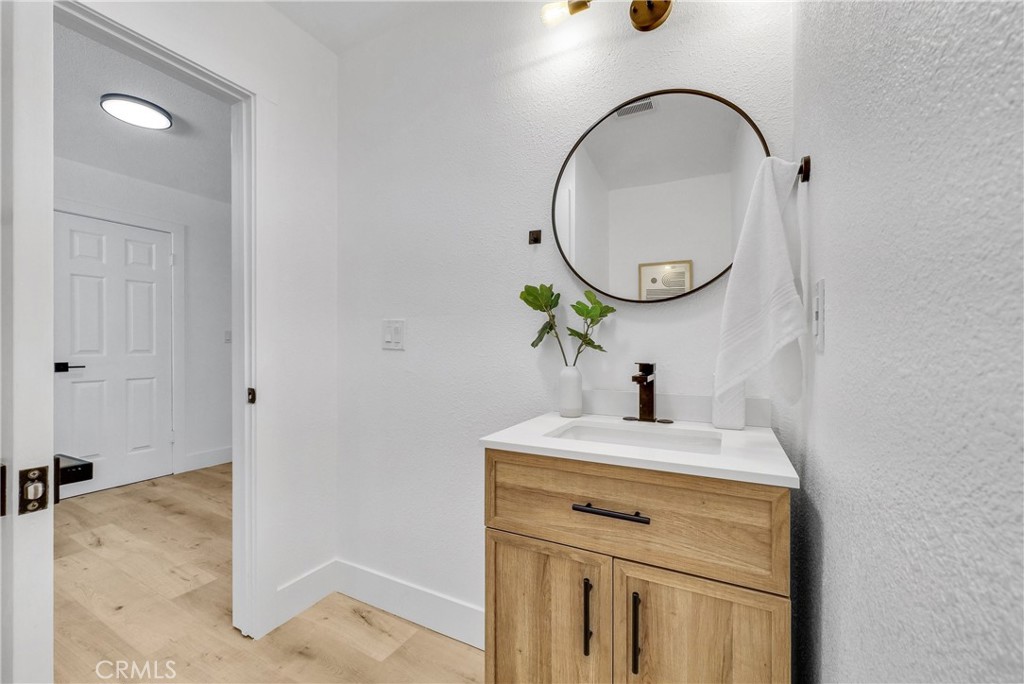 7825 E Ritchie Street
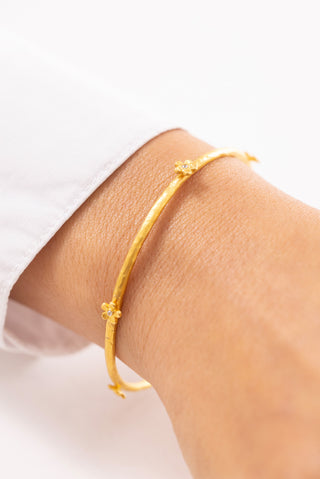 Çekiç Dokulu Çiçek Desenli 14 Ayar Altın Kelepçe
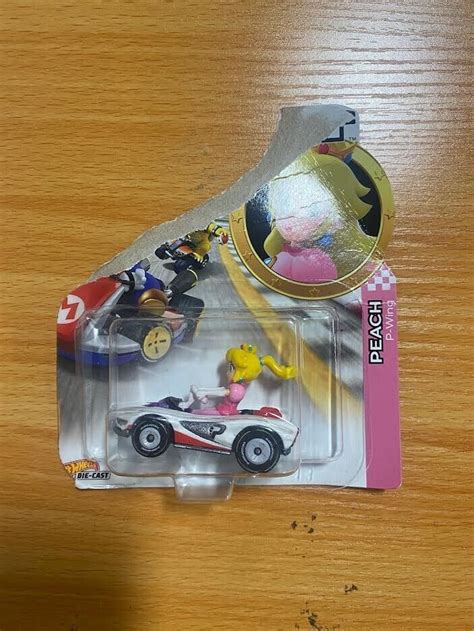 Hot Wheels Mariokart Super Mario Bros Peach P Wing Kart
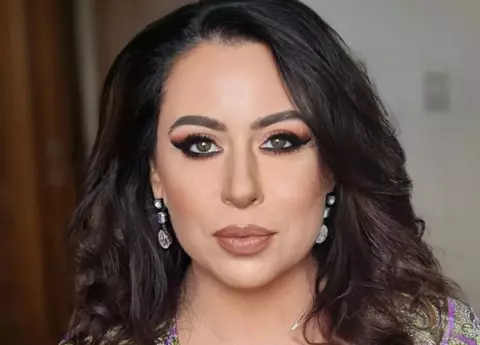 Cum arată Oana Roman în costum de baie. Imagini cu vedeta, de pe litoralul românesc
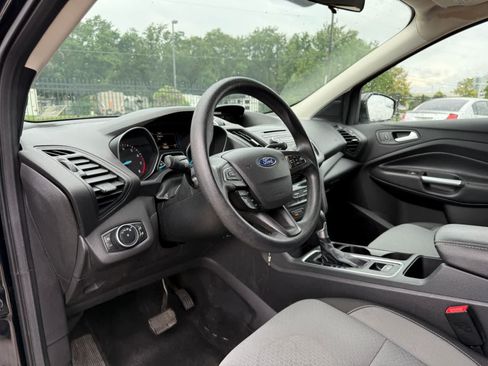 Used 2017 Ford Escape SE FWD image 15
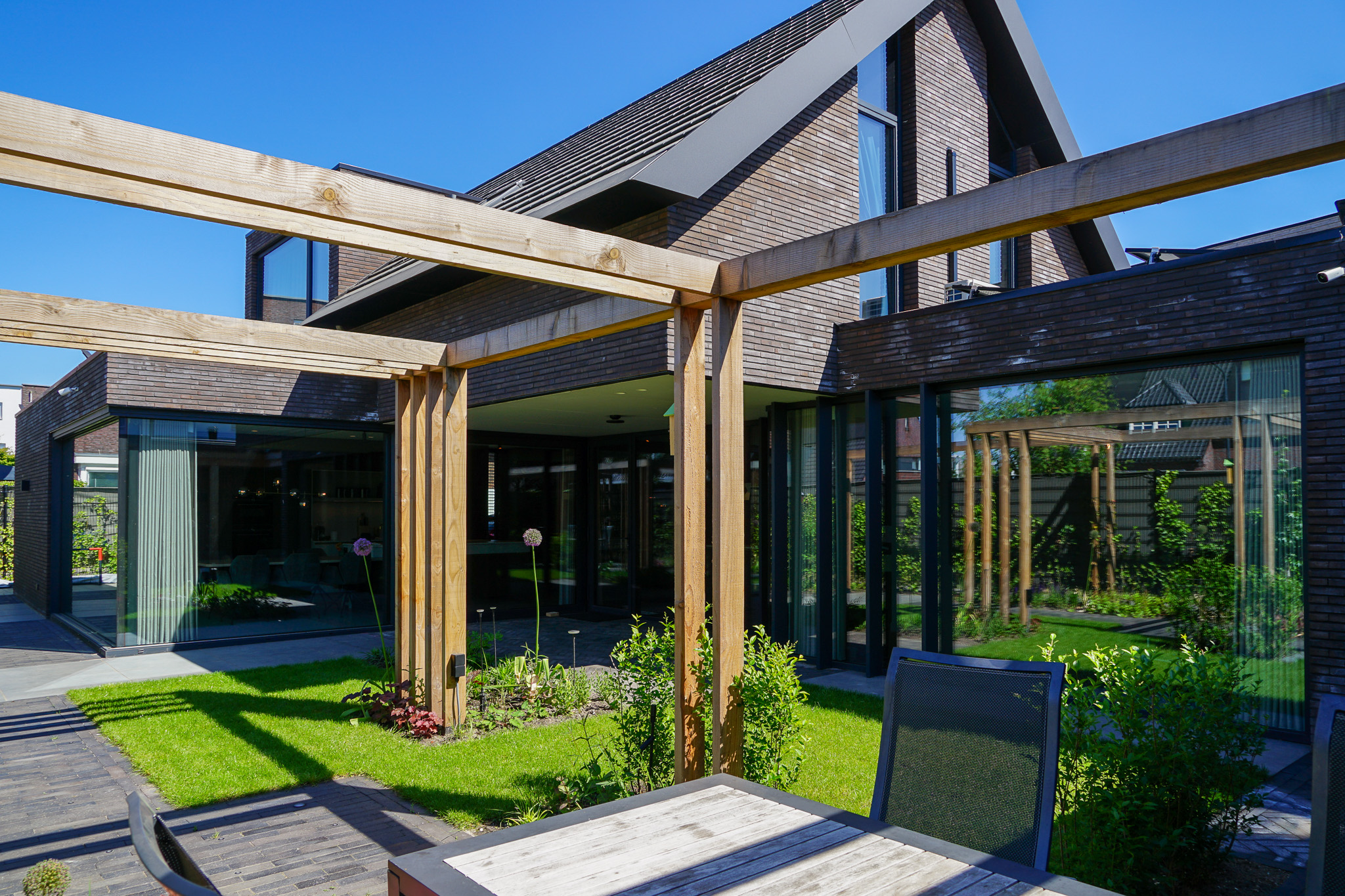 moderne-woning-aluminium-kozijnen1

--

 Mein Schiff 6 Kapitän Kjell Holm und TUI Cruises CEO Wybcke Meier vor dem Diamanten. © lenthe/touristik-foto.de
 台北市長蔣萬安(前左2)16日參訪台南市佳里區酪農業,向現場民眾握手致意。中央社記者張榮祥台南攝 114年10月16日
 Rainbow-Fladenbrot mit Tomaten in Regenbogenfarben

• [What you should do]:
In the material above, transcribe exactly the lines beginning at the one with "Mein Schiff 6" and ending at the one with "Rainbow-Fladenbrot mit Tomaten", both included.

• [Result for this exercise]:
 Mein Schiff 6 Kapitän Kjell Holm und TUI Cruises CEO Wybcke Meier vor dem Diamanten. © lenthe/touristik-foto.de
 台北市長蔣萬安(前左2)16日參訪台南市佳里區酪農業,向現場民眾握手致意。中央社記者張榮祥台南攝 114年10月16日
 Rainbow-Fladenbrot mit Tomaten in Regenbogenfarben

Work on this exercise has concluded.